Das Baugesuch nennt Kosten von 6,5 Mio. Franken. «Das Projekt entspricht ziemlich genau meinen Wunschvorstellungen, die Finanzierung steht grundsätzlich», sagt Stöckli.

Der grosse «Ochsen»-Saal war nicht mehr wirtschaftlich zu betreiben und wurde bereits von Stöckli fremdvermietet, das Caspar-Wolf-Haus ist nicht mit einem vernünftigen Aufwand zu erhalten, wie der Besitzer schon vor einem Jahr erklärte.

Das Restaurant Ochsen selber steht unter kommunalem Substanzschutz. Alles in allem also eine anspruchsvolle Umgebung für ein Neubauprojekt. Noch vor einem Jahr überlegte Stöckli, ob er nicht besser Wohnungen statt Hotelzimmer realisieren sollte. In der Zwischenzeit hat er diese Frage für sich beantwortet: «Wir wollen etwas Nachhaltiges für Muri im Bereich Hotellerie und Gastronomie machen.»

Zwischenbau mit Restaurant

Zwischen dem geplanten Hotelneubau mit 36 Zimmern anstelle des Caspar-Wolf-Hauses stellt das Architekturbüro Peter F. Oswald, Muri, einen Zwischenbau, welcher alt und neu verbindet und das neue Restaurant umfasst. Der neue Hotelbau soll mit einer holzverkleideten Fassade ausgeführt werden. Diese Wahl führe zu einer Hierarchisierung zwischen dem Ochsen und dem Annexbau.

In einer ersten Etappe würden die Neubauten realisiert werden. Hier sind neben dem neuen «Ochsen»-Grill-Restaurant ein unterteilbarer Mehrzwecksaal und 36 Hotelzimmer geplant. In einer Hallengarage gibt es 22 Einstellplätze.

In der zweiten Etappe wird das «Ochsen»-Hauptgebäude mit seinem 15 Hotelzimmern renoviert. Am Platz des heutigen Restaurants werden eine Bar und eine Lounge ins Auge gefasst, «wobei diese Bezeichnung erst ein Arbeitstitel ist», wie Stöckli ausführt.

Schutz aufheben

Eine Voraussetzung für das Bauvorhaben ist die Entlassung des Caspar-Wolf-Hauses aus dem Volumenschutz. Das soll an der nächsten Einwohnergemeindeversammlung mit der Teilrevision der Bau- und Nutzungsordnung geschehen.

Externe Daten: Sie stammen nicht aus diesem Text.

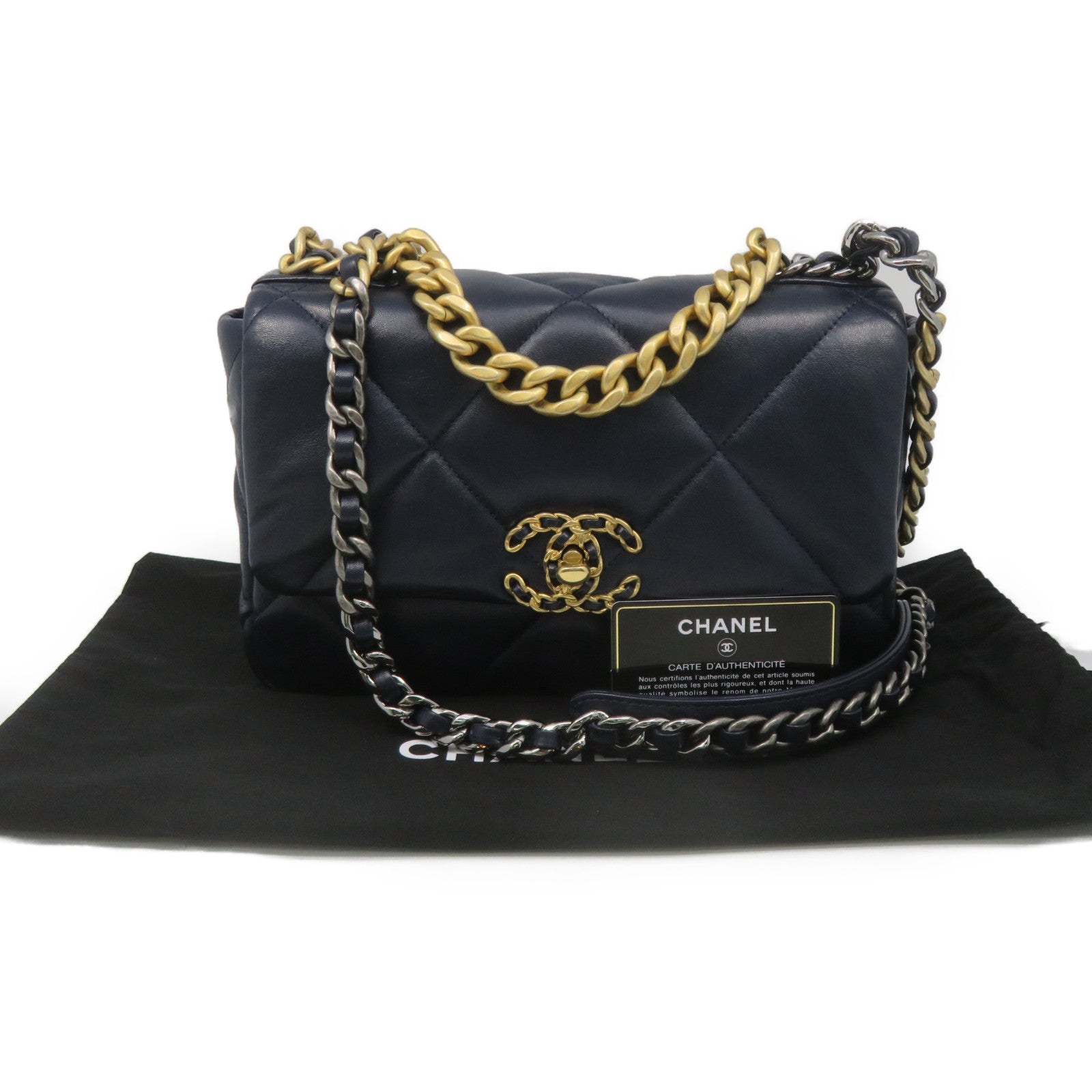 CHANEL 菱格羊皮皮革19 Small 2Way Shoulder Bag金扣鏈帶肩背袋寶藍色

Bereits 2015 wurde es aus dem kantonalen Inventar gestrichen. Stöckli rechnet damit, dass das Projekt bis etwa Anfang 2019 verwirklicht sein könnte. Während der Bauzeit würde er den Hotel- und Restaurantbetrieb aufrechterhalten.

In fünfter Generation

Das Hotel Ochsen ist ein traditionsreicher Betrieb und wird heute von Robert Stöckli in fünfter Generation geführt. Die erste Generation Stöckli übernahm ihn 1878, das Gasthaus war schon lange vorher aktenkundig. Als Vertreter der vierten Generation wurde Franz Stöckli-Schwegler 1972 neuer Eigentümer. Er realisierte grössere Umbauten.

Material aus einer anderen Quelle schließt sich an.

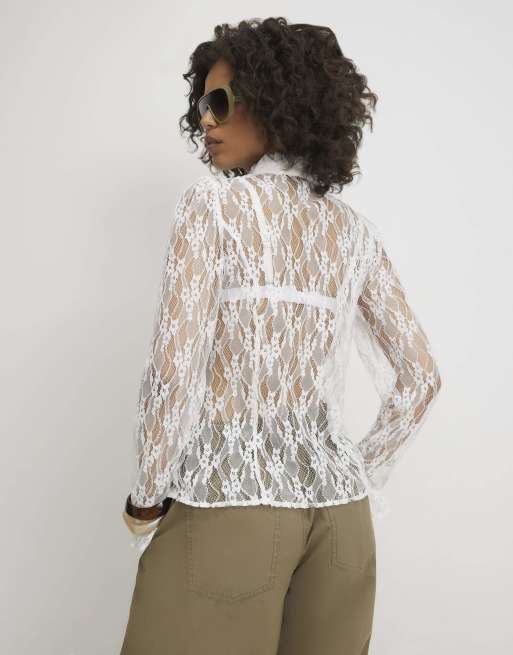 River Island Lace long sleeve ruffle shirt in white, 4 of 4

1989 erfolgte der Ausbau des dritten Stockes zu Hotelzimmern. 2004 kam es zum Umbau der Pferdestallung in eine Sommerwirtschaft und 2007, nach dem unerwarteten Tod von Franz Stöckli, wurde der Betrieb vorerst von Verena und Robert Stöckli weitergeführt. Seit 2008 ist Robert Stöckli Eigentümer.

Das markante Gebäude Restaurant Ochsen an der Seetalstrasse steht unter kommunalem Substanzschutz. Separat erfasst ist das Wirtshausschild, das unter kantonalem Substanzschutz steht.